Start of Block
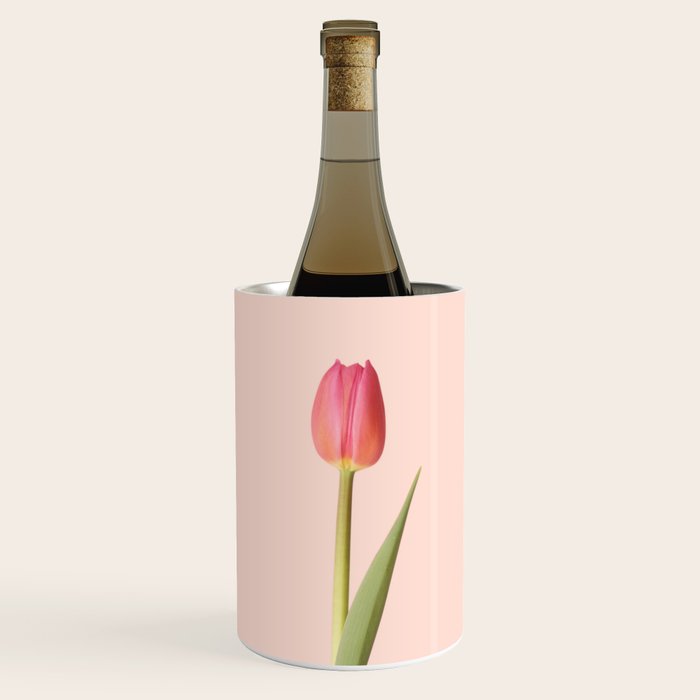 The pink tulip | Floral photography | Flower botanical photograph Wine Chiller Gallery Image 1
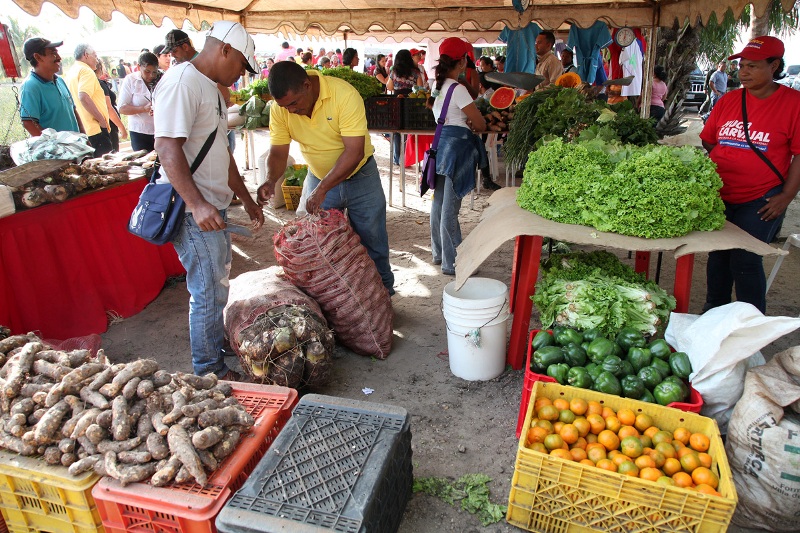 Gobernación inyecta nuevos recursos al Motor Agroalimentario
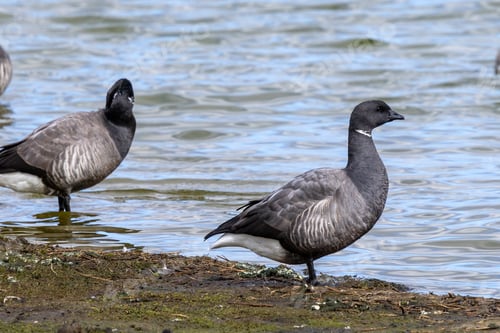 Preview: Closeup shot of a pair of brent geese on a lake shore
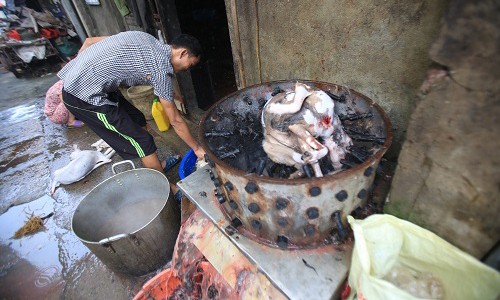 Nơi giết mổ hàng trăm con chó mỗi ngày ở Hà Nội - ảnh 1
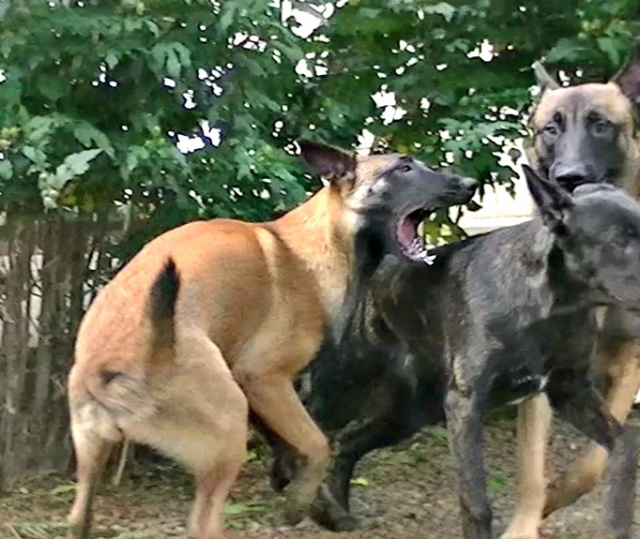 Un trio de malinois !  - Page 5 342787vlcsnap2012102213h08m31s0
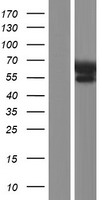 IGF2BP2 Human Over-expression Lysate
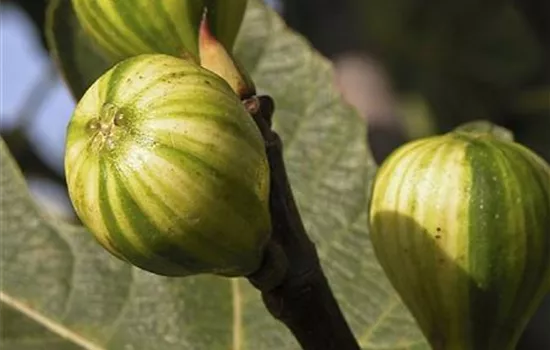 Ficus carica 'Dalmatie'
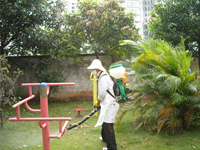 2012年南寧兩會一節(jié)加強(qiáng)“四害”消殺工作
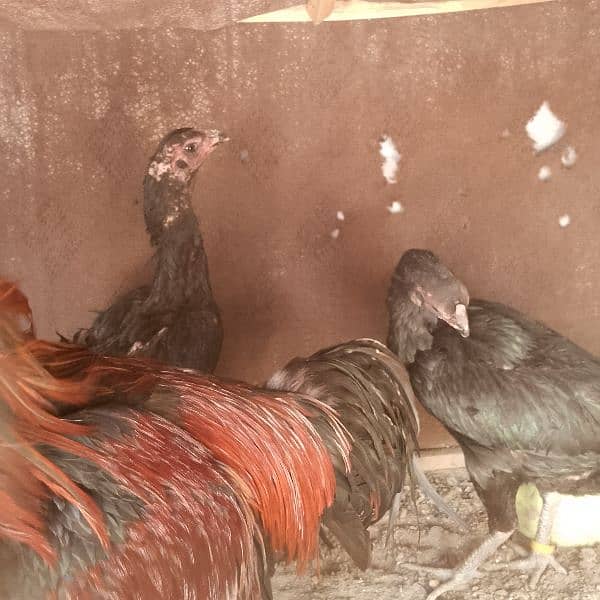 hens for sal 03288757562 15
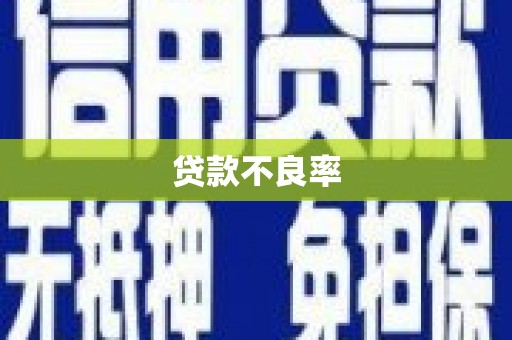 赣县贷款不良率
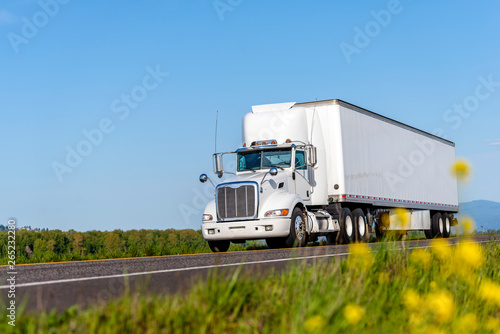 Fototapeta Naklejka Na Ścianę i Meble -  Big rig white day cab semi truck for local deliveries with long box semi trailer driving on the summer road with yellow flowers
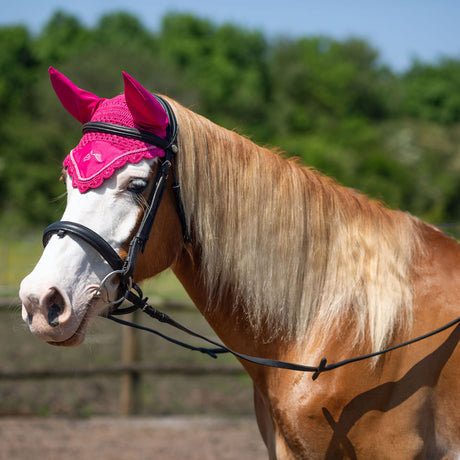 Gallop Classic Fly Veil #colour_fuchsia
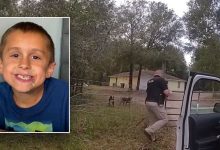 Florida boy, 8, ‘maliciously mauled’ to death by dogs he stopped to pet while out riding his bike: sheriff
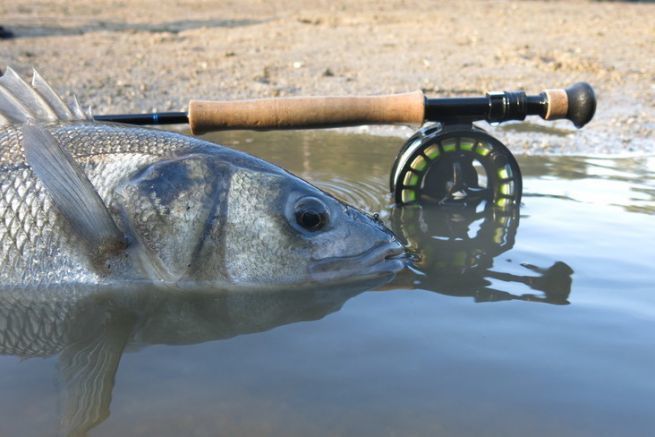 La pesca de la lubina con mosca es el reto definitivo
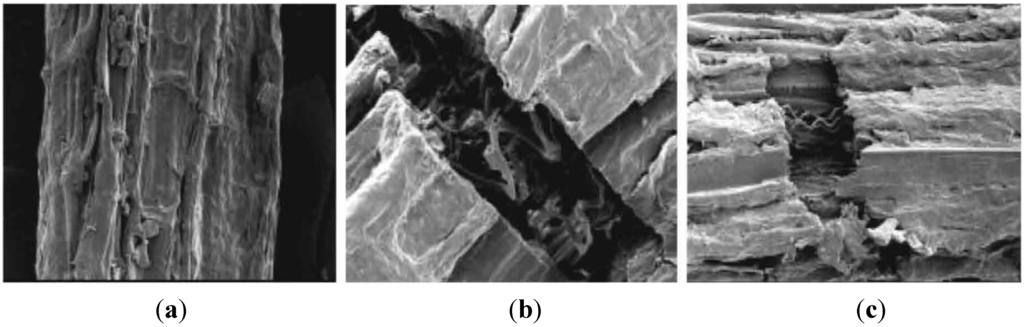 Fibers 03 00064 g004 1024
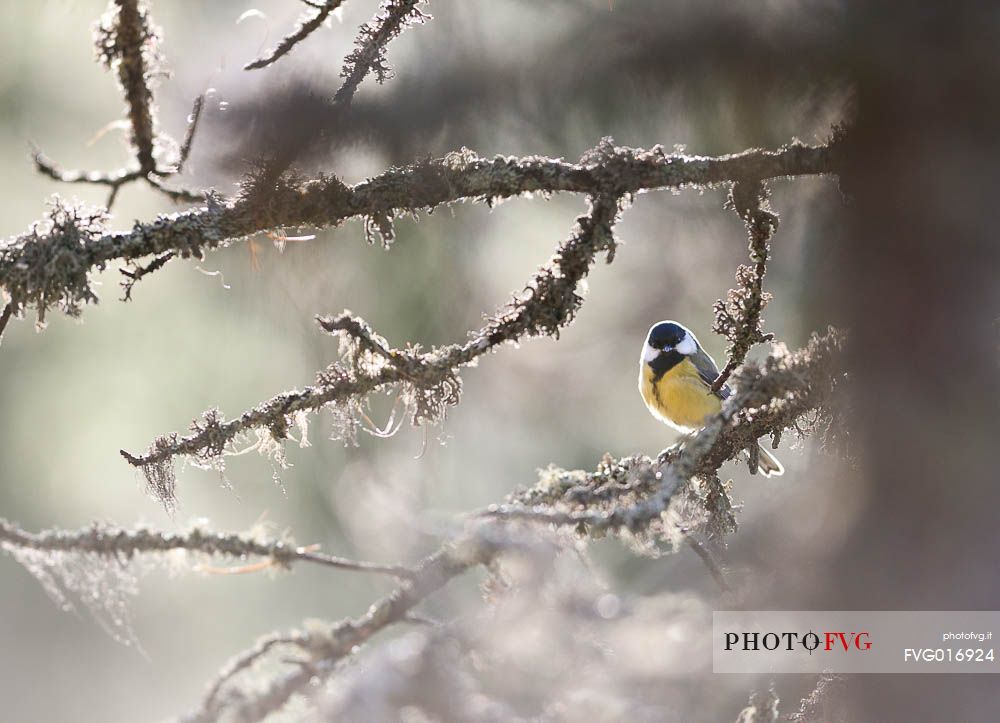 Cyanistes caeruleus backlit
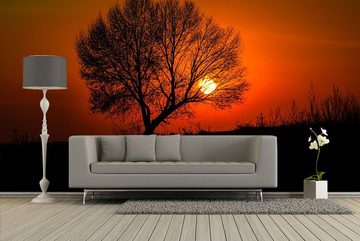 WandbilderXXL Fototapete Sonnenuntergang, glatt, Food, Vliestapete, hochwertiger Digitaldruck, in verschiedenen Größen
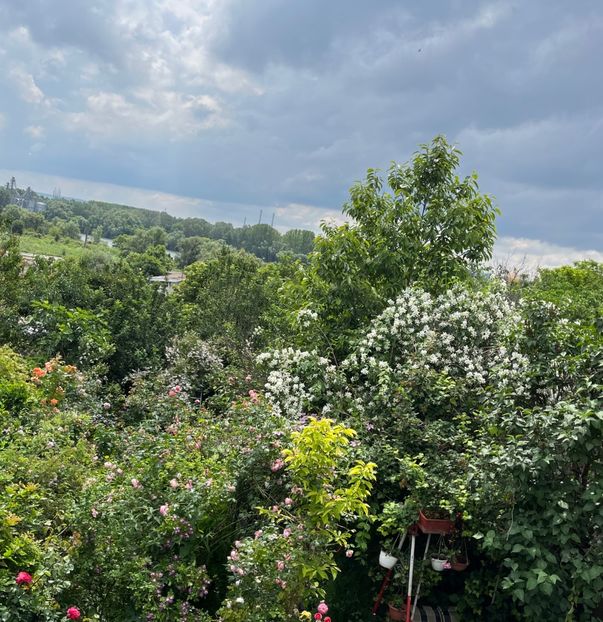 F208C7A4-262F-4518-8676-30B1D99AF742 - Arbusti 2017 23 24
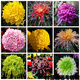 春枝韻菊花種子九月菊金盞菊波斯菊萬(wàn)壽菊翠菊陽(yáng)臺易種花籽四季花草種子
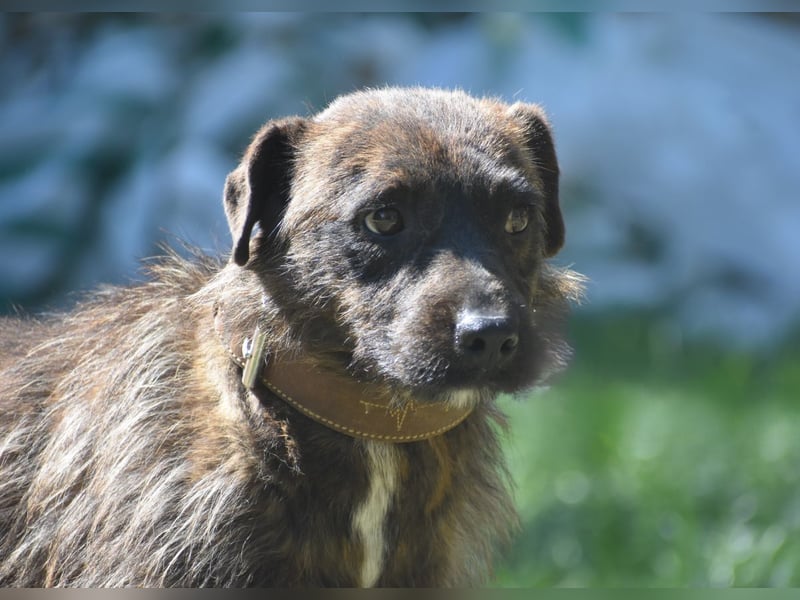 Pip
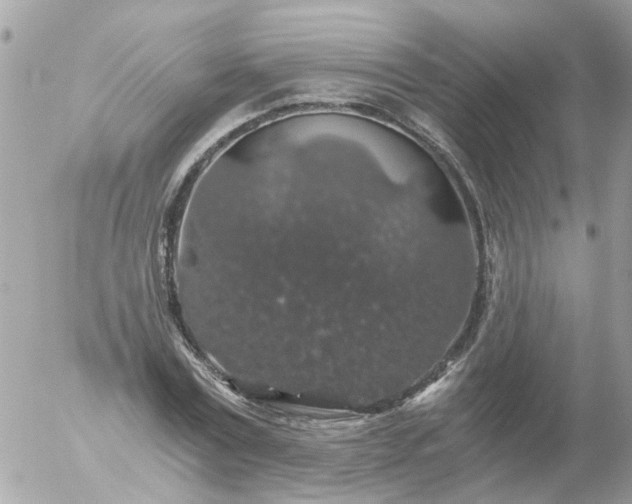 X0000056320779200509092301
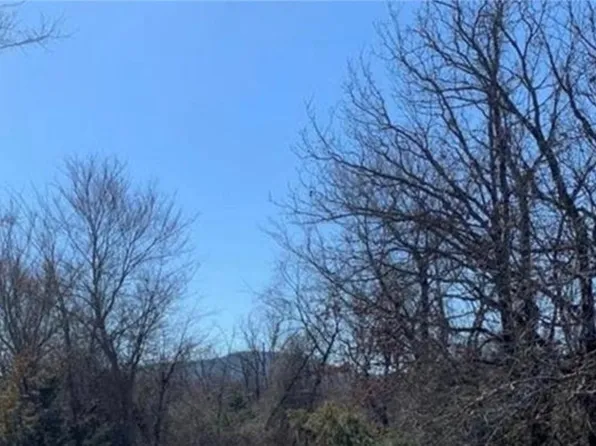 Tbd Latham Rd, Shady Pt, OK 74956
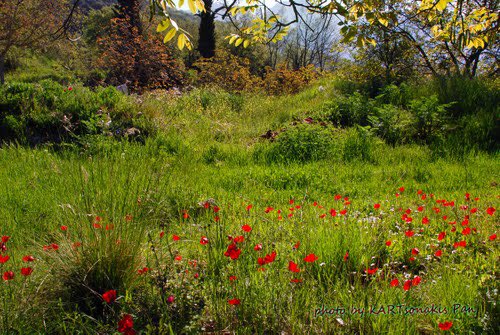 fragkos1's tweet photo. @Miri_21 😊 Good morning to you too my friend!👍🏻✨🌹 https://t.co/AOCsjgniJa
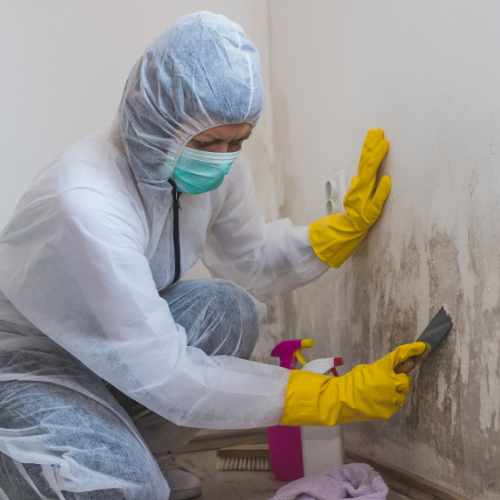 Mold and Fungal Remediation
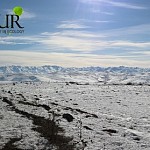 Погода в Армении, прогноз погоды на ближайшие 5 дней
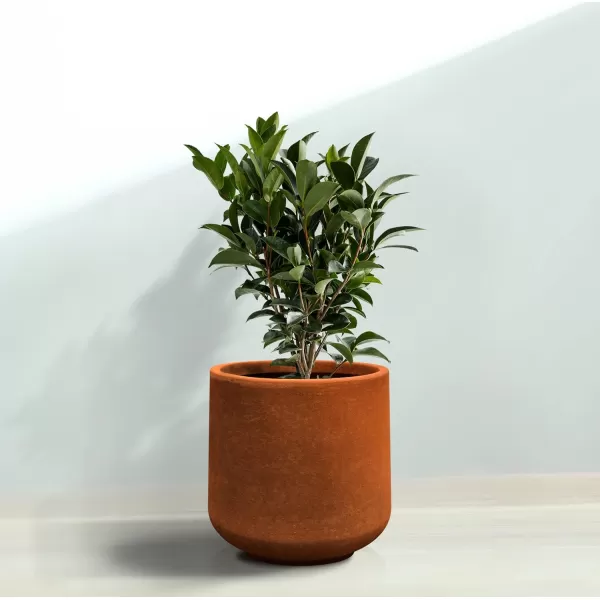 Kante 15.3" Dia Round Concrete Planter, Outdoor Indoor Large Plant Pots Containers with Drainage Hole and Rubber Plug for Home Garden Patio, Charcoal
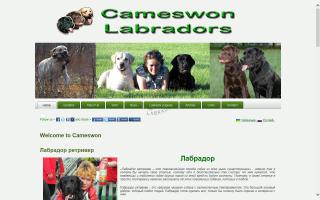 Cameswon Labradors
End of Block
TASK BRIEF: Using the material above, transcribe exactly the lines from the one holding "F208C7A4-262F-4518-8676-30B1D99AF742 - Arbusti" to the one holding "Погода в Армении, прогноз", both ends kept. Do not carry over any pictures.

ANSWER AREA:
 F208C7A4-262F-4518-8676-30B1D99AF742 - Arbusti 2017 23 24
 春枝韻菊花種子九月菊金盞菊波斯菊萬(wàn)壽菊翠菊陽(yáng)臺易種花籽四季花草種子
 Pip
 X0000056320779200509092301
 Tbd Latham Rd, Shady Pt, OK 74956
 fragkos1's tweet photo. @Miri_21 😊 Good morning to you too my friend!👍🏻✨🌹 https://t.co/AOCsjgniJa
 Mold and Fungal Remediation
 Погода в Армении, прогноз погоды на ближайшие 5 дней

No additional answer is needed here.